How Long It Takes to Become a Project Manager?
So, you’re wondering how long it will take you to become a project manager. If there’s one thing you need to know, that is, the career path for this position isn’t exactly different from other sought-after careers.
On average, it will take you five to seven years before becoming a fully independent project manager. Estimate already includes years for your college degree completion, on-the-job training, and minimum experience for related positions.
However, although it only takes a relatively shorter time to become a full-fledged project manager, the position requires continuous learning and skills acquisition.
Businesses and organisational operations evolve nonstop. Thus, project managers need to keep up with the trend and new methodologies.
Nonetheless, your less-than-a-decade preparation on becoming a project manager will become the foundation of your success. If you are considering this, find out more about this career path in the following lines.
Is Project Manager a Promising Career?
Yes, being a project manager is a desirable career with plenty of professional and even personal growth opportunities – not to mention a high compensation and numerous projects available.
It is unlikely that you will choose project management as your initial dream job.
After all, becoming a project manager is rarely highlighted in school or during family affairs where your relatives ask you, “what do you want to be when you grow up?”. It doesn’t sound as prominent as being a doctor, lawyer, or engineer.

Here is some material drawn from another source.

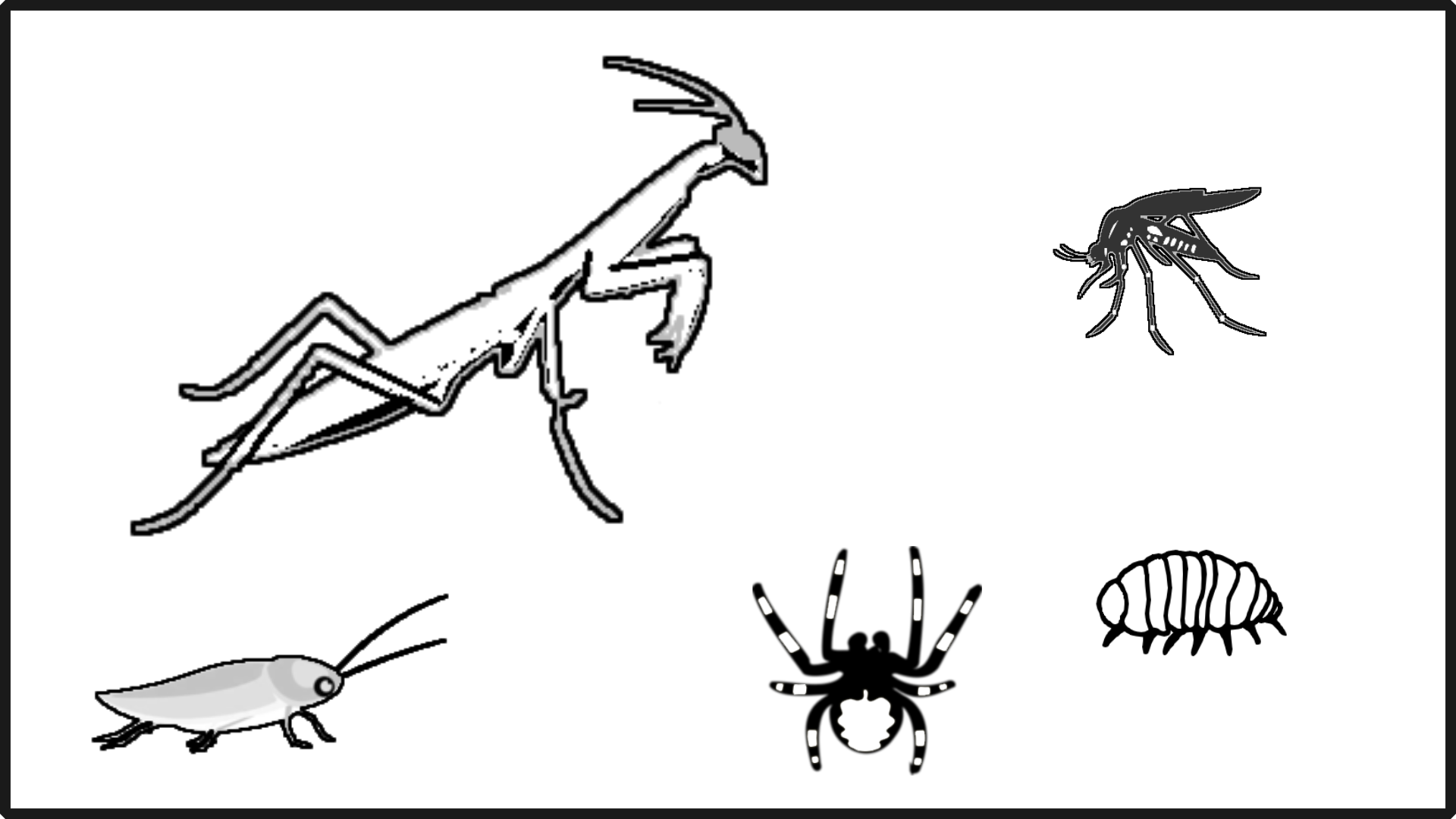 Nasty Insects! mod preview for RimWorld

But what people don’t know is that project management is a top-tier career in demand across different industries. That’s why it remains to be a high-paying job.

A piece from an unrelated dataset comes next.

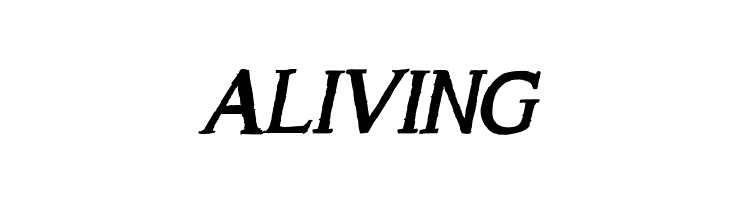 A Song For Jennifer Bold Italic  Free Fonts Download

According to Project Management Institute or PMI, a project manager earns an average annual salary of $116,000.
Nonetheless, the job is not exactly a walk in the park, just like any other promising career. You will have to surpass the pressure and high expectations that come with the job.
But if you acquire the right qualifications, develop a healthy mindset, and learn the necessary skills, the work will eventually become second nature to you. Not only that, but you will also thoroughly enjoy the benefits of the position.

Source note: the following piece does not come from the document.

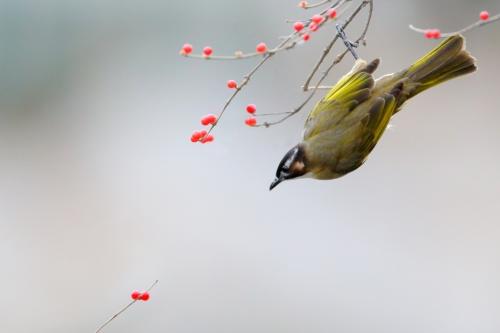 点击大图看下一张:性格活泼的白头鹎图片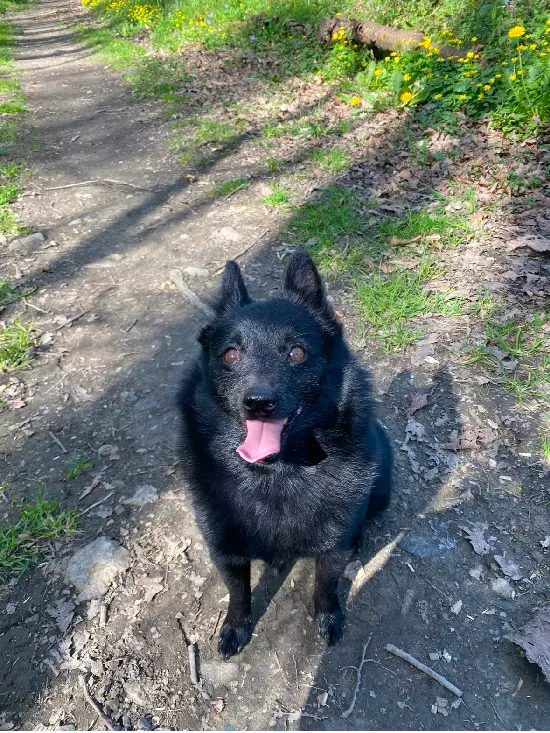 Chienne Trouvée 34 Эро - Joconde Chienne Trouvée 34 Эро - Joconde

Check out the following perks of becoming a project manager.
1. Career Satisfaction
You can achieve job fulfilment whenever you finish a project and help organisations land effective solutions to their operational challenges.
Project management also presents healthy challenges that mix up your routine. You also work with a team so that you can expect zero dull moments in the job.
If you’re the type to get easily unmotivated with tedious, repetitive work, then becoming a project manager is a great career path to consider.
2. High Pay
There is no doubt that becoming a project manager can be financially rewarding. However, the demands are always high and seem to maintain the same trend.
A project manager has a significant role in increasing profit, creating long-term solutions, and aiding in smooth operational solutions. Hence, companies and organisations are willing to allocate a hefty budget for the position.
The initial salary of a project manager can be over $74,000 a year. But the average annual pay for first-rate project managers can be anywhere between $93,000 to $140,000.
On top of that, you get plenty of opportunities for bonuses, especially if the project ultimately becomes a success.
3. Increased Connectivity
Meeting people and establishing a professional network benefits any career. However, not all jobs open opportunities for building rapport with high-ranking officials from prominent companies.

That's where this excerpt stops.